### Task to complete
Your response to the data below should hold nothing except the lines from the one containing "Executive High Back" down to the one containing "Kit de herrajes", reproduced exactly and without pictures.

### Scraped caption text data
:::::
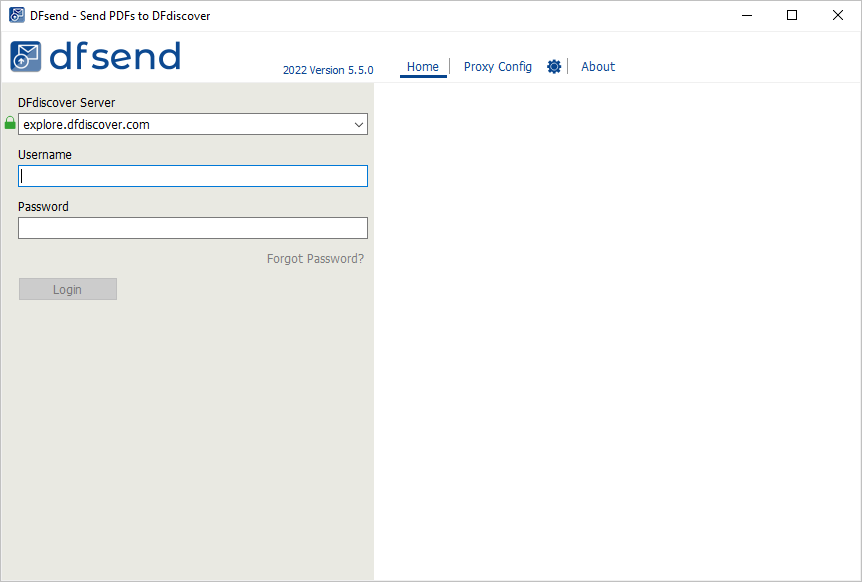 The Login dialog with blank fields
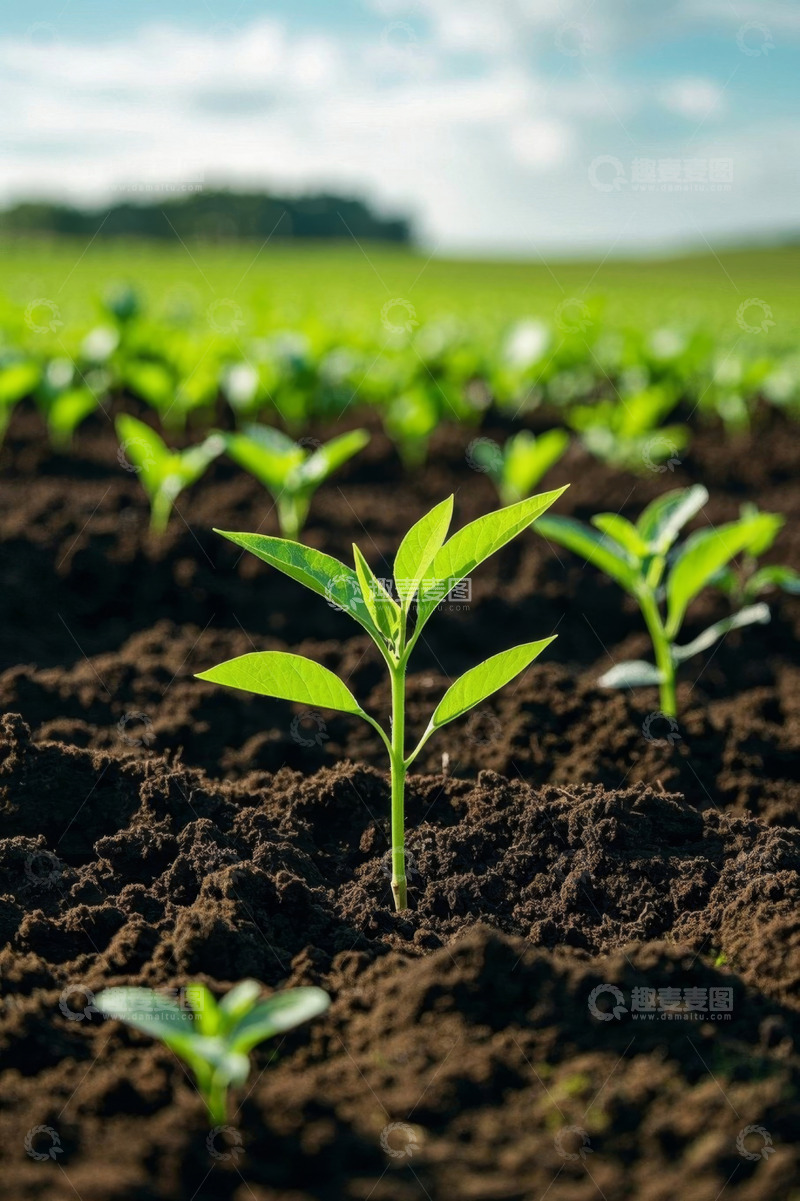 高清大图下载【趣麦麦图】田间嫩绿幼苗生长景象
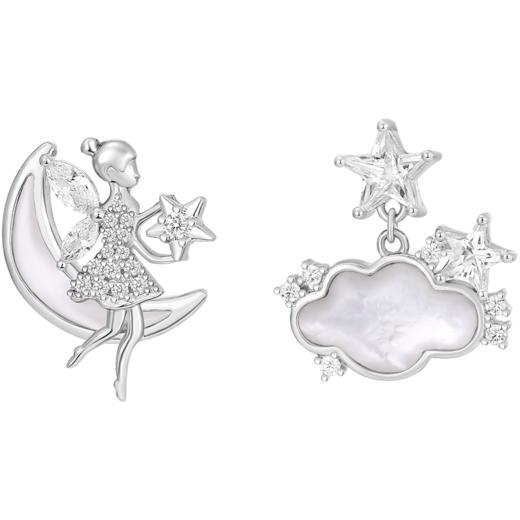ZEGL设计师秋夜甜梦系列云朵仙子耳环女小众星月耳钉925银针耳饰 商品图6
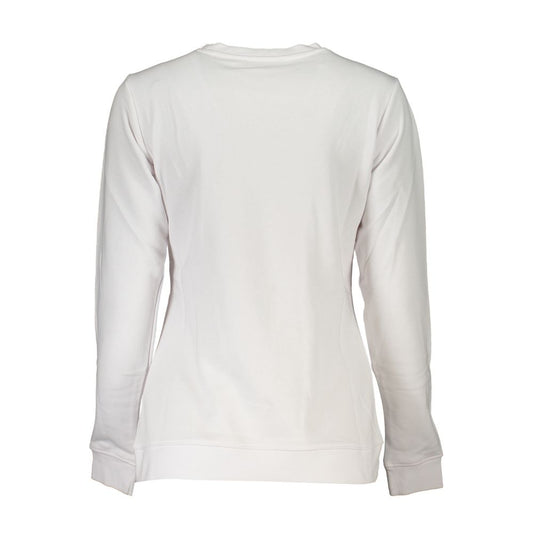 Cavalli Class White Cotton Sweater Cavalli Class Light Gray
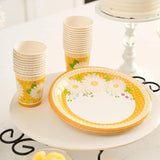 Daisy Paper Plates & Napkins Set for Birthday, Mother’s Day, Easter - 24 pcs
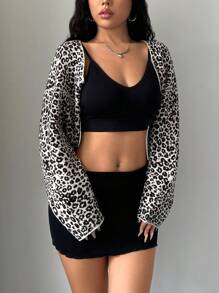 SHEIN Unity Casual Versatile Leopard Print Short Cardigan - Multicolor - View 6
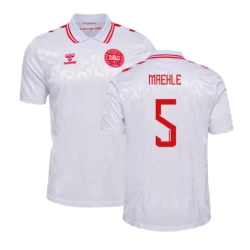 Maglia Calcio Danimarca Maehle #5 Europei 2024 Trasferta Uomo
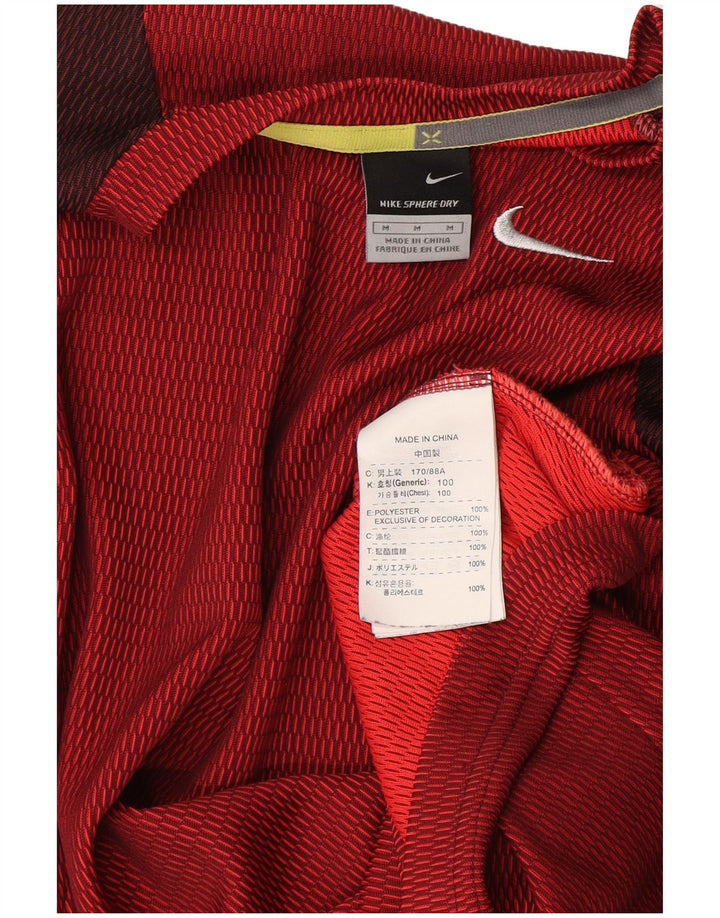 Nike Mens T-Shirt Top Medium Burgundy Colourblock Polyester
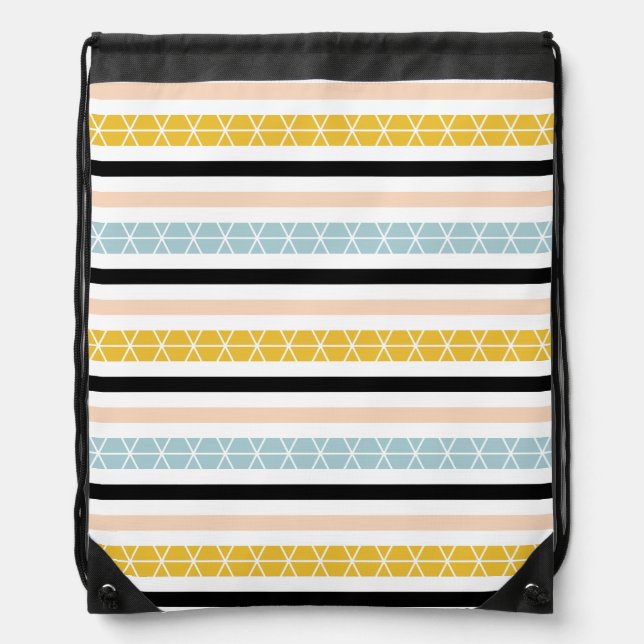 Chic Geometric Golden Yellow Black White Stripes Drawstring Bag (Front)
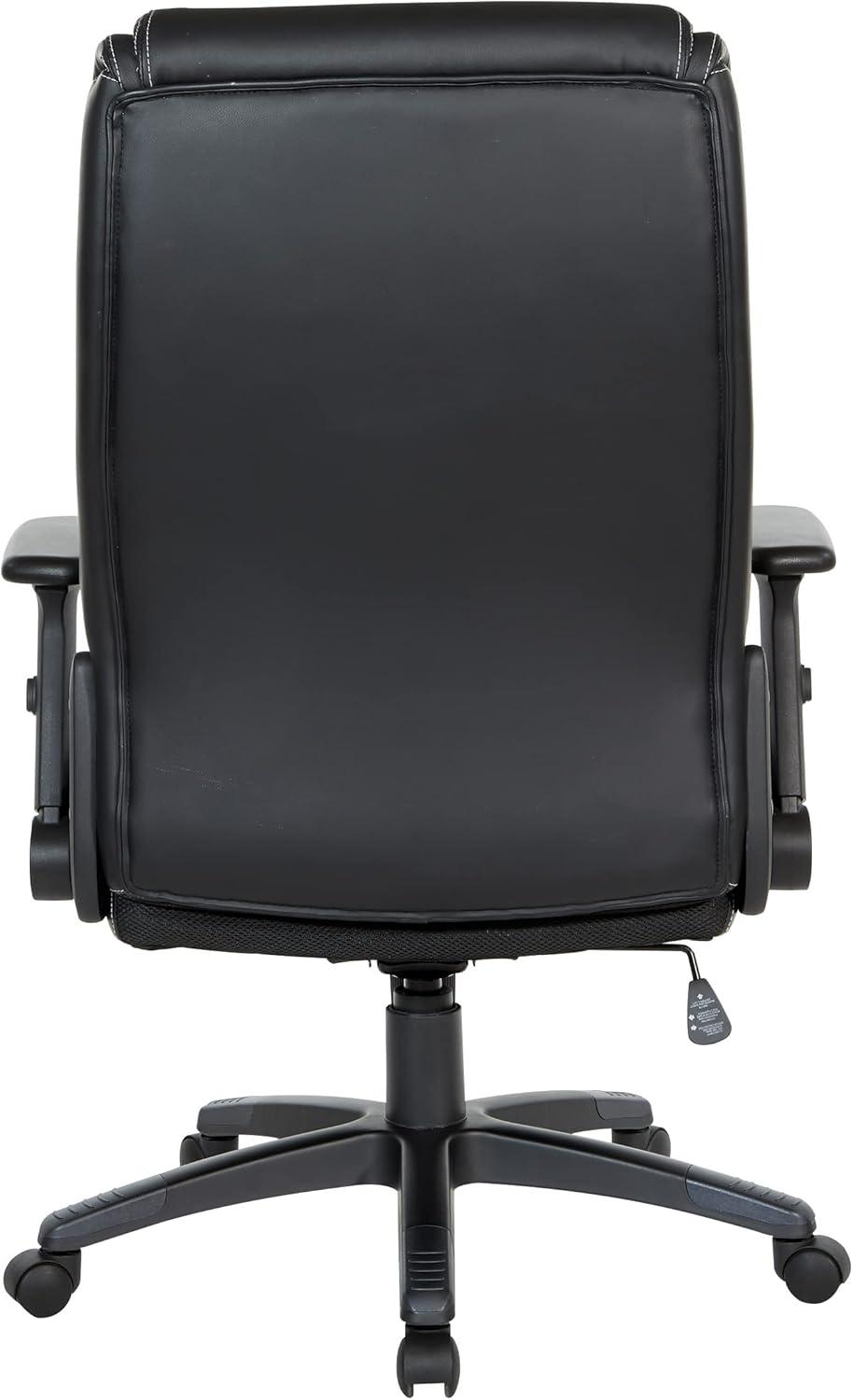 Executive High Back Office Chair in Black Bonded Leather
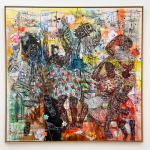Salifou Lindou - Social game 6, 2023 - Pastel and acrylic on paper mounted on canvas - 200x200cm
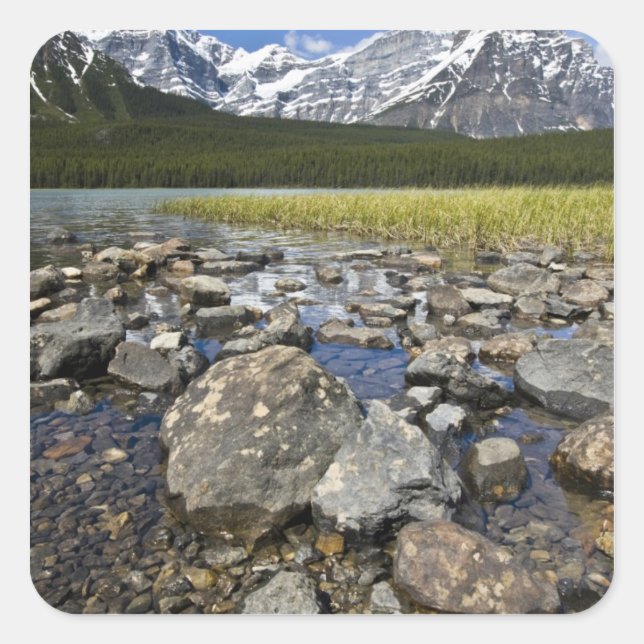 Pegatina Cuadrada Canadá, Alberta, Montañas Rocosas, Banff Nacional (Anverso)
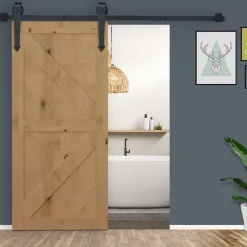 Kit de herrajes de puerta corredera Homcom negro 200 cm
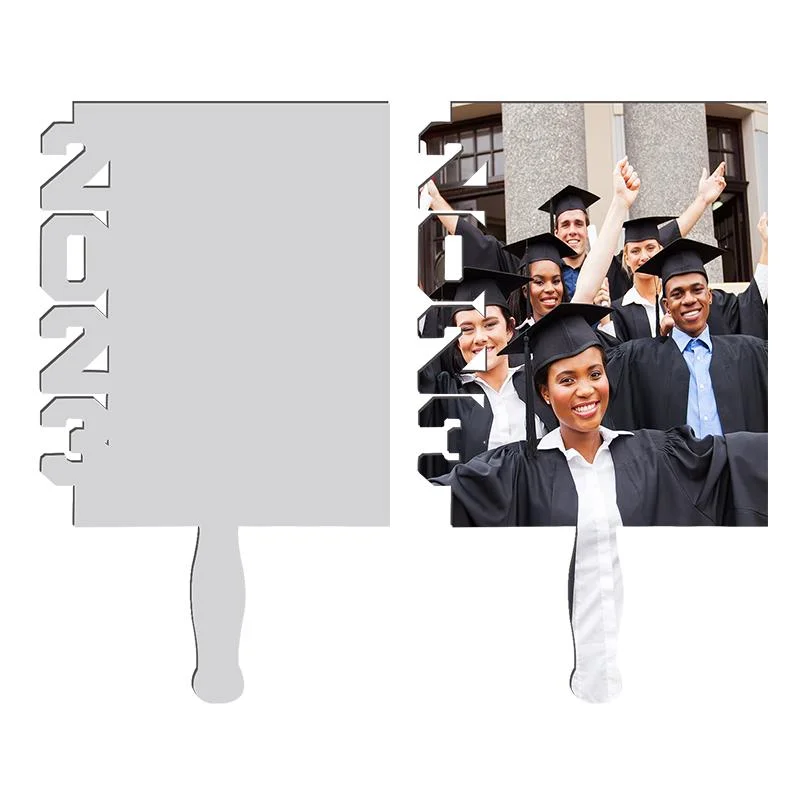 2023 La sublimation blanc Les fans de la main de palette de Graduation pour Logo personnalisé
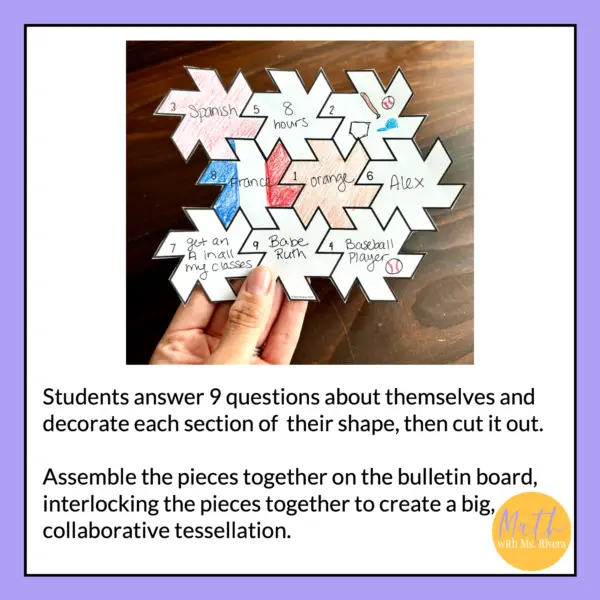 All About Me Collaborative Tessellation Back to School Activity Pencil Thumbnail 2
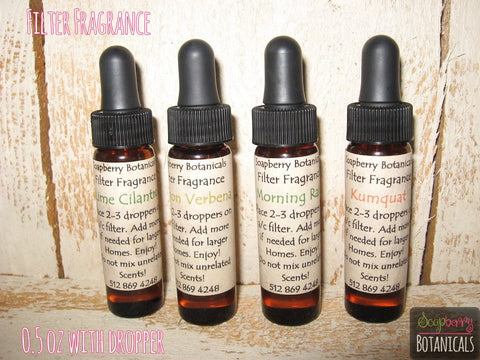 four half ounce filter fragrance bottles with droppers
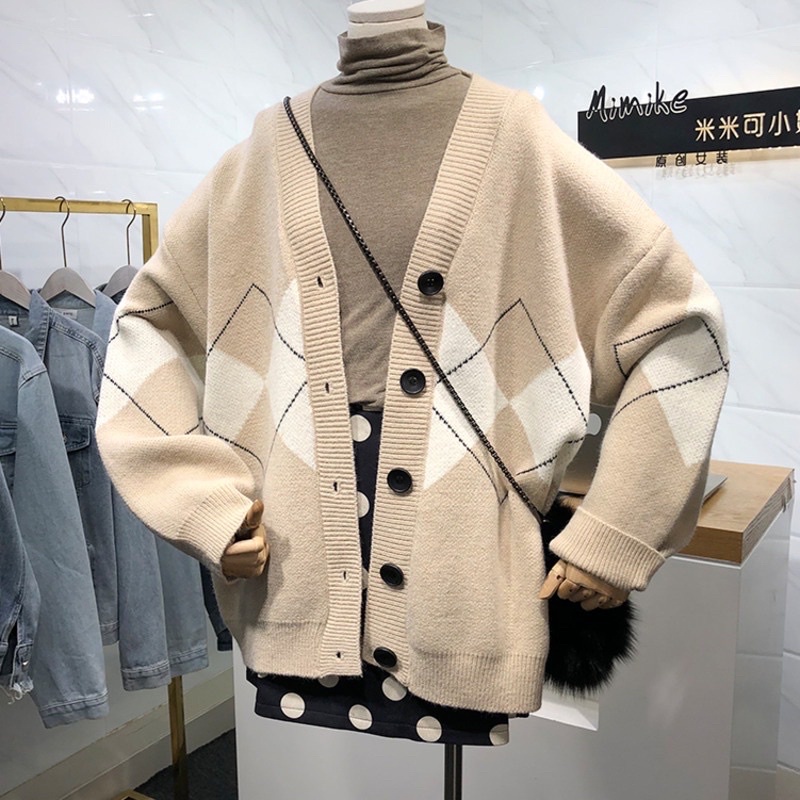 Áo khoác len Cardigan len thổ cẩm xanh than hàng Quảng Châu, Áo Cardigan nữ dáng rộng họa tiết kim cương sang trọng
:::::
### Finished exercise
 Executive High Back Office Chair in Black Bonded Leather
Salifou Lindou - Social game 6, 2023 - Pastel and acrylic on paper mounted on canvas - 200x200cm
 Pegatina Cuadrada Canadá, Alberta, Montañas Rocosas, Banff Nacional (Anverso)
 Kit de herrajes de puerta corredera Homcom negro 200 cm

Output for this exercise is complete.